Employees shall at all times maintain the confidentiality of client identities, security holdings, financial circumstances and other confidential information. Employees shall report any violations of this Code of Ethics promptly to the Compliance Officer.

II. Definitions

For purposes of this Code of Ethics:

A. Access Persons (also referred to as Advisory Employees): any employee, officer, or director of the Adviser (or of any company in a control relationship to the Adviser) who, in connection with his or her regular functions or duties, participates in or makes recommendations with respect to the purchase or sale of securities; and any natural person who controls the Adviser and who obtains information about recommendations with respect to the purchase or sale of securities. Mutual Fund Distributors are not considered to be Access Persons or Advisory Employees.
B. Automatic Investment Plan: a program in which regular periodic purchases (or withdrawals) are made automatically in (or from) investment accounts in accordance with a predetermined schedule and allocation. An Automatic Investment Plan includes a dividend reinvestment plan.
C. Beneficial Interest: ownership or any benefits of ownership, including the opportunity to directly or indirectly profit or otherwise obtain financial benefits from any interest in a security.

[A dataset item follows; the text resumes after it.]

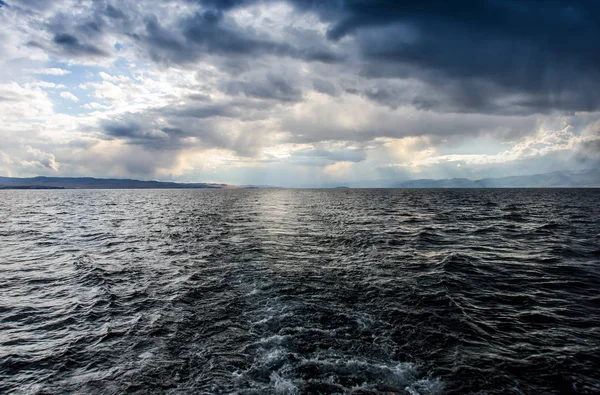 Olchon. Blick auf die Insel vom Schiff im Baikalsee aus — Stockfoto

D.       Compliance Officer: the Compliance Officer is Taylor Davis.

E. Employee Account: each account in which an Employee or a member of his or her family has any direct or indirect Beneficial Interest or over which such person exercises control or influence, including, but not limited to, any joint account, partnership, corporation, trust or estate. An Employee’s family members include the Employee’s spouse, minor children, any person living in the home of the Employee and any relative of the Employee (including in-laws) to whose support an Employee directly or indirectly contributes.
F. Employees: (also referred to as Supervised Persons) the employees, officers and directors of the Adviser, including Advisory Employees. The Compliance Officer will maintain a current list of all Employees (see Organizational Chart).
G. Exempt Transactions: transactions which are 1) effected in an amount or in a manner over which the Employee has no direct or indirect influence or control, 2) pursuant to an Automatic Investment Plan, 3) in connection with the exercise or sale of rights to purchase additional securities from an issuer and granted by such issuer pro-rata to all holders of a class of its securities, 4) in connection with the call by the issuer of a preferred stock or bond, 5) pursuant to the exercise by a second party of a put or call option, and 6) closing transactions no more than five business days prior to the expiration of a related put or call option.
 
 
H. Funds: any series of any investment company to which the Adviser provides investment advice.
I. Related Securities: securities issued by the same issuer or issuer under common control, or when either security gives the holder any contractual rights with respect to the other security, including options, warrants or other convertible securities.
J. Securities: any note, stock, treasury stock, bond, debenture, evidence of indebtedness, certificate of interest or participation in any profit-sharing agreement, collateral-trust certificate, pre-organization certificate or subscription, transferable share, investment contract, voting-trust certificate, certificate of deposit for a security, fractional undivided interest in oil, gas or other mineral rights, or, in general, any interest or instrument commonly known as a “security,” or any certificate or interest or participation in temporary or interim certificate for, receipt for, guarantee of, or warrant or right to subscribe to or purchase (including options) any of the foregoing; except for the following: 1) securities issued by the government of the United States, 2) bankers’ acceptances, 3) bank certificates of deposit, 4) commercial paper, and 5) high quality short-term debt instruments, including repurchase agreements.
K. Securities Transaction: the purchase or sale, or any action to accomplish the purchase or sale, of a Security for an Employee Account. The term Securities Transaction does not include transactions executed by the Adviser for the benefit of unaffiliated persons, such as investment advisory and brokerage clients.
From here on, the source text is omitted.